:: Records from a data source ::
= = =

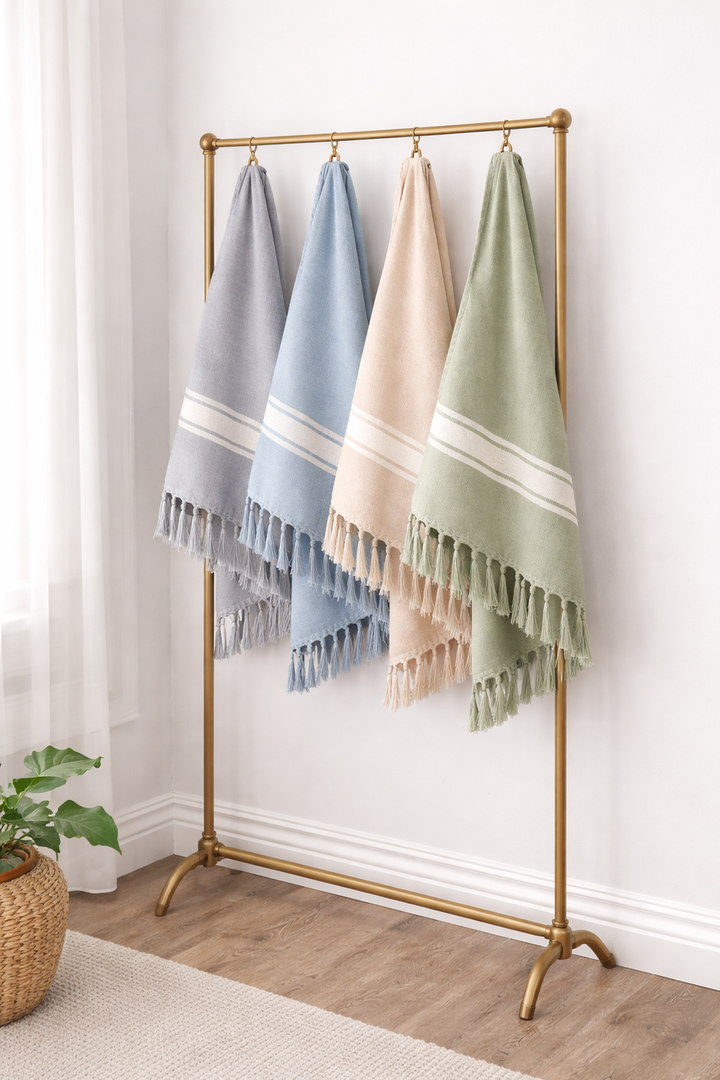 Stylish Large Cotton Floor Mat with Woven Stripe Design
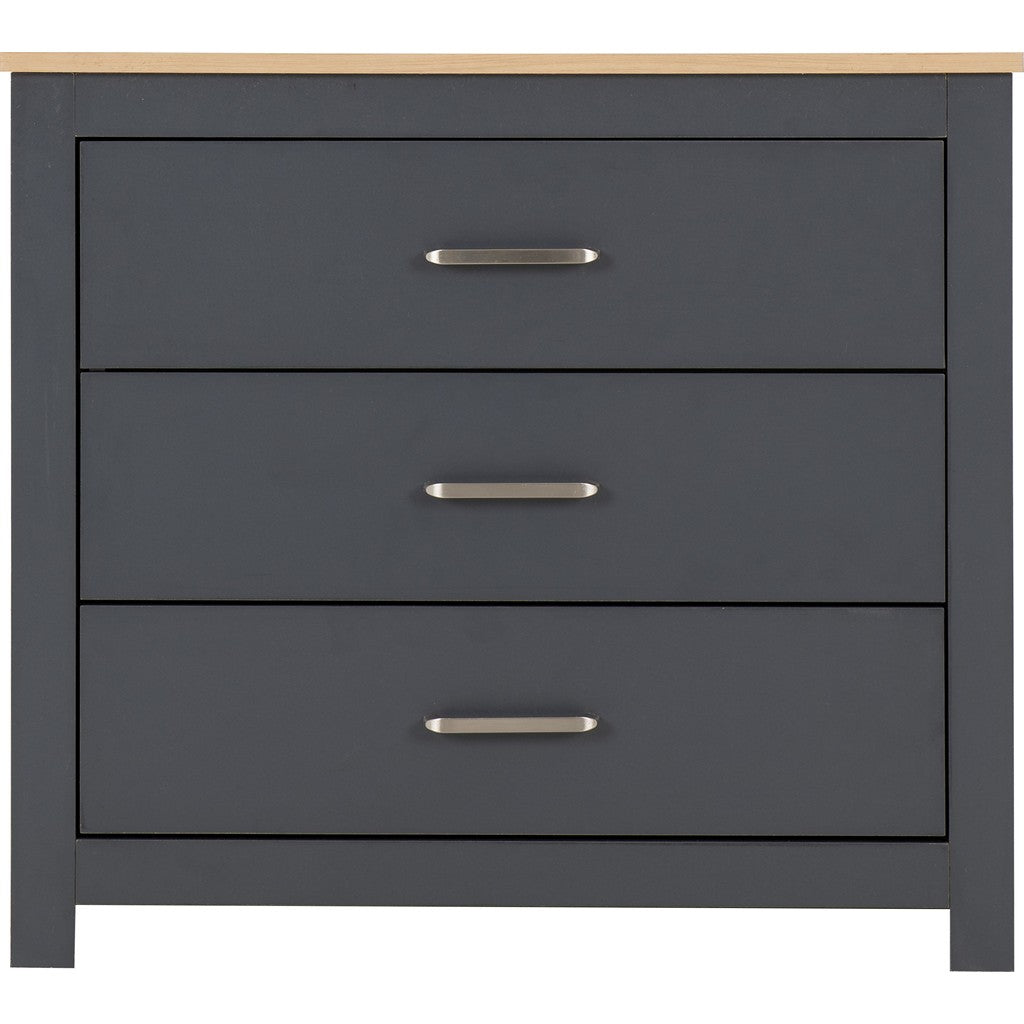 Portland 3 Drawer Chest-Furniture-Seconique-Grey / Oak Effect-Levines Furniture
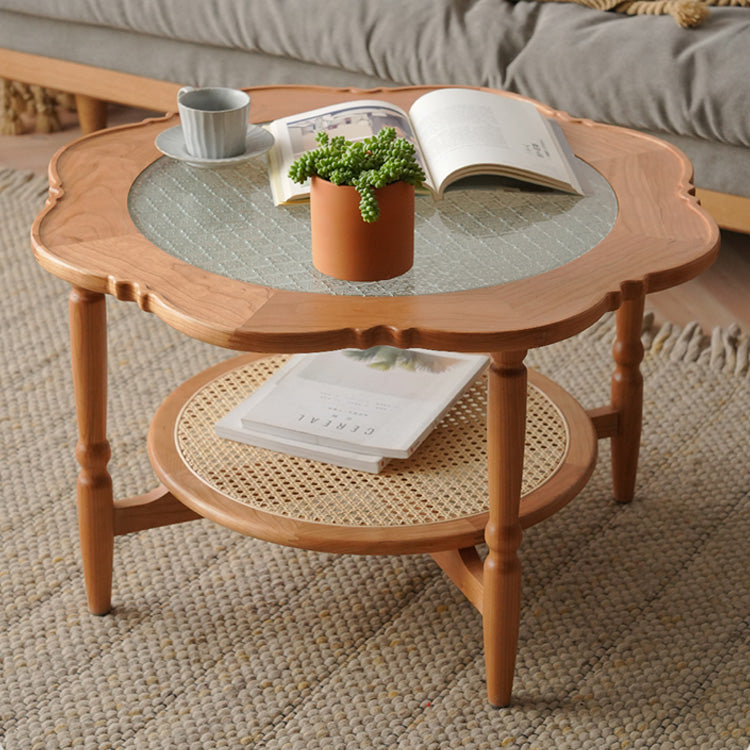 Elegant Cherry Wood & Glass Tea Table with Rattan Accents - Perfect for Any Room fyx-876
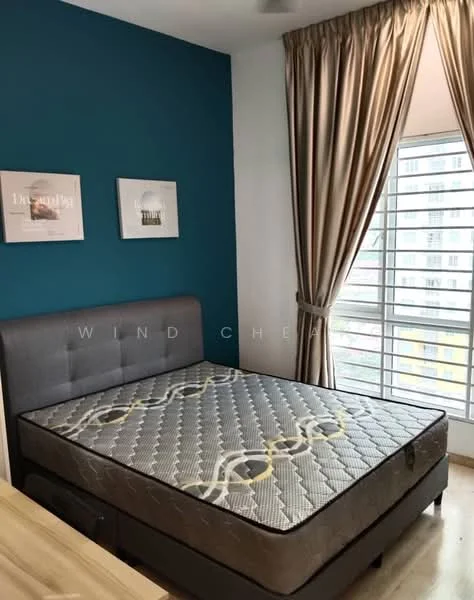 Bedroom features: queen-size bed, upholstered headboard, grey bed frame, blue accent wall, floor-to-ceiling windows, sheer curtains, wooden flooring, two framed artworks on wall; style: modern.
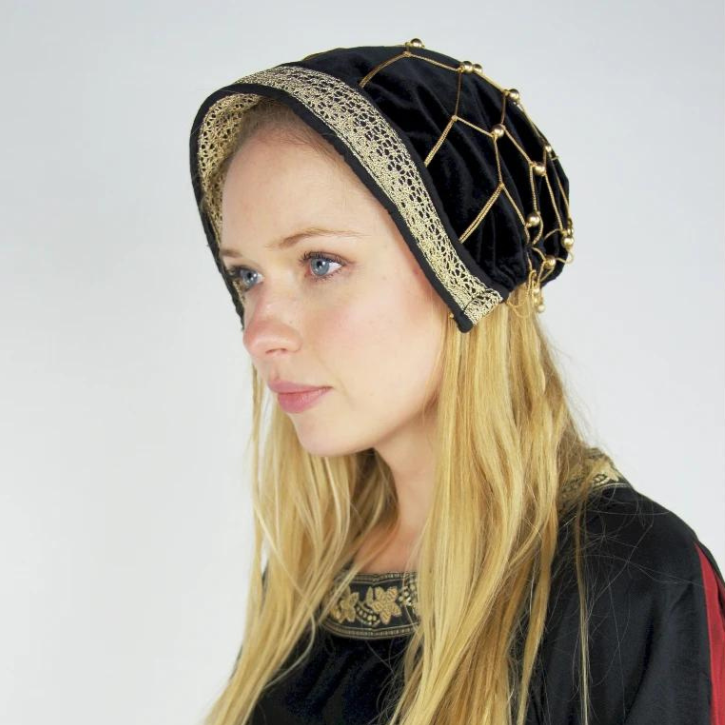 Black & Gold Velvet Renaissance Headwear | Beaded Drapery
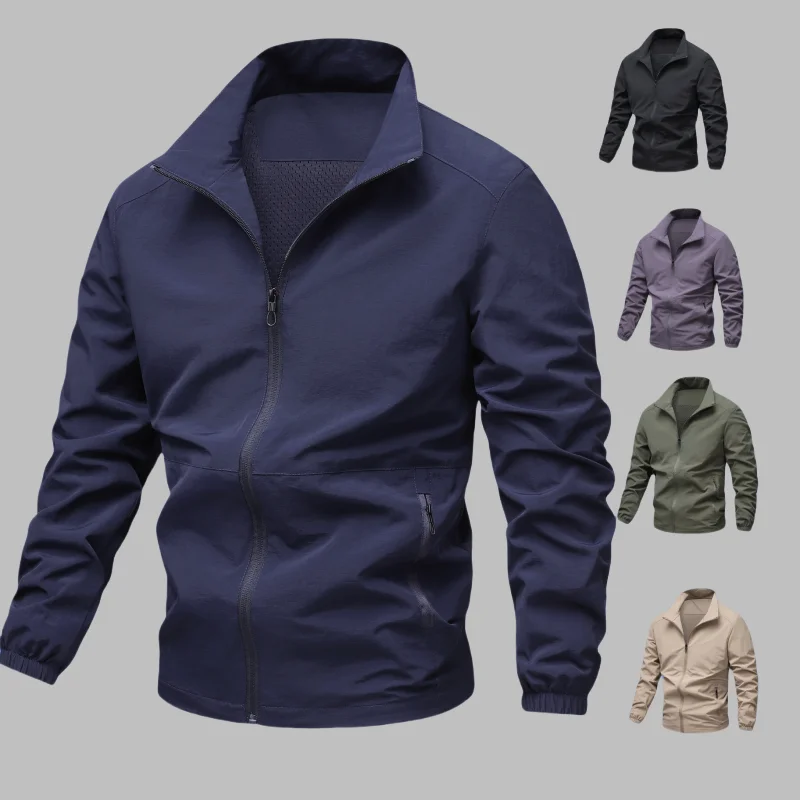 

New Men's Waterproof Jacket Spring Summer Hooded Men's Jacket Mens Casual Windbreaker Zipper Thin Section Hooded Jacket Male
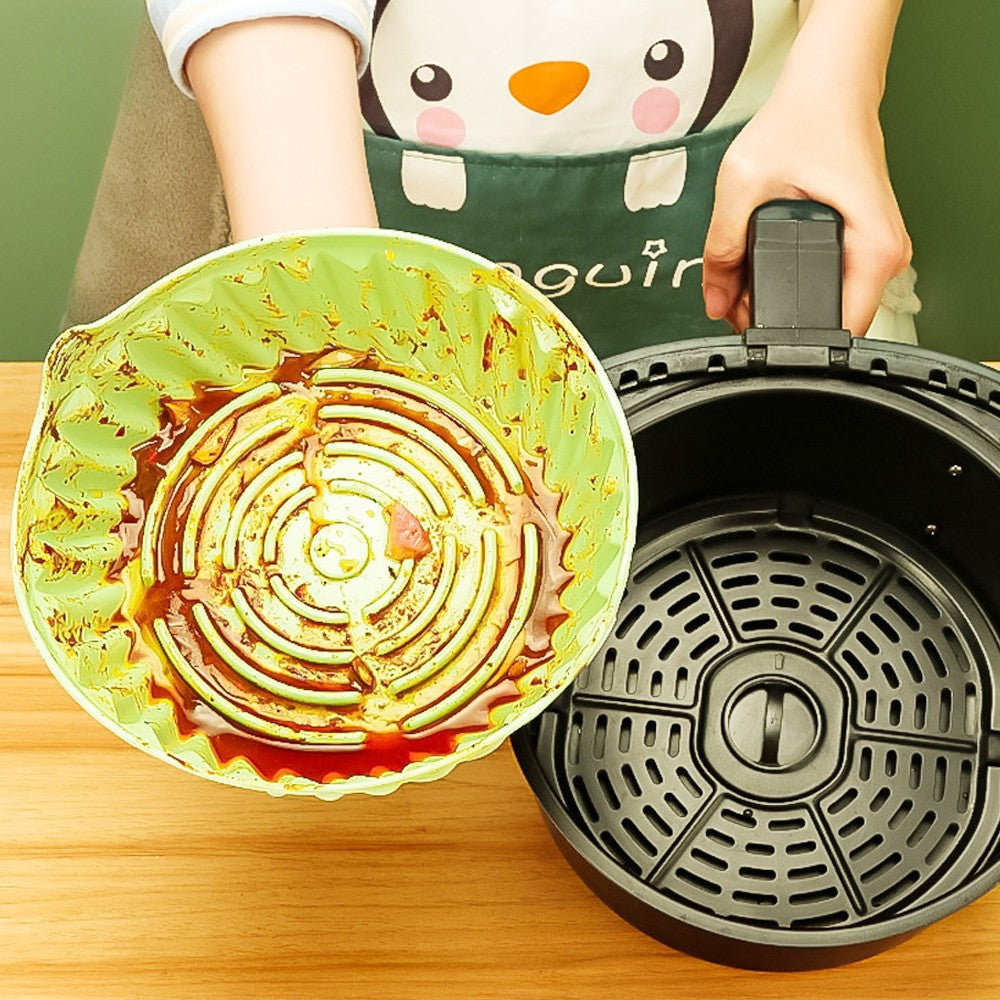 S Air Fryer Silicone Liners Fryer Basket Oven Accessories with Mini Gloves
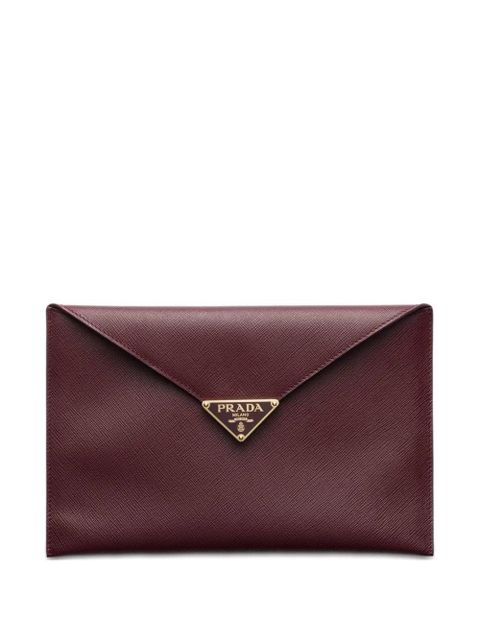 Prada leather triangle-logo clutch - Red - zdjęcie produktu nr 1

= = =

Apart from the pictures, repeat every entry exactly.

:: Solution to this problem ::
 Stylish Large Cotton Floor Mat with Woven Stripe Design
 Portland 3 Drawer Chest-Furniture-Seconique-Grey / Oak Effect-Levines Furniture
 Elegant Cherry Wood & Glass Tea Table with Rattan Accents - Perfect for Any Room fyx-876
 Bedroom features: queen-size bed, upholstered headboard, grey bed frame, blue accent wall, floor-to-ceiling windows, sheer curtains, wooden flooring, two framed artworks on wall; style: modern.
 Black & Gold Velvet Renaissance Headwear | Beaded Drapery

New Men's Waterproof Jacket Spring Summer Hooded Men's Jacket Mens Casual Windbreaker Zipper Thin Section Hooded Jacket Male
 S Air Fryer Silicone Liners Fryer Basket Oven Accessories with Mini Gloves
 Prada leather triangle-logo clutch - Red - zdjęcie produktu nr 1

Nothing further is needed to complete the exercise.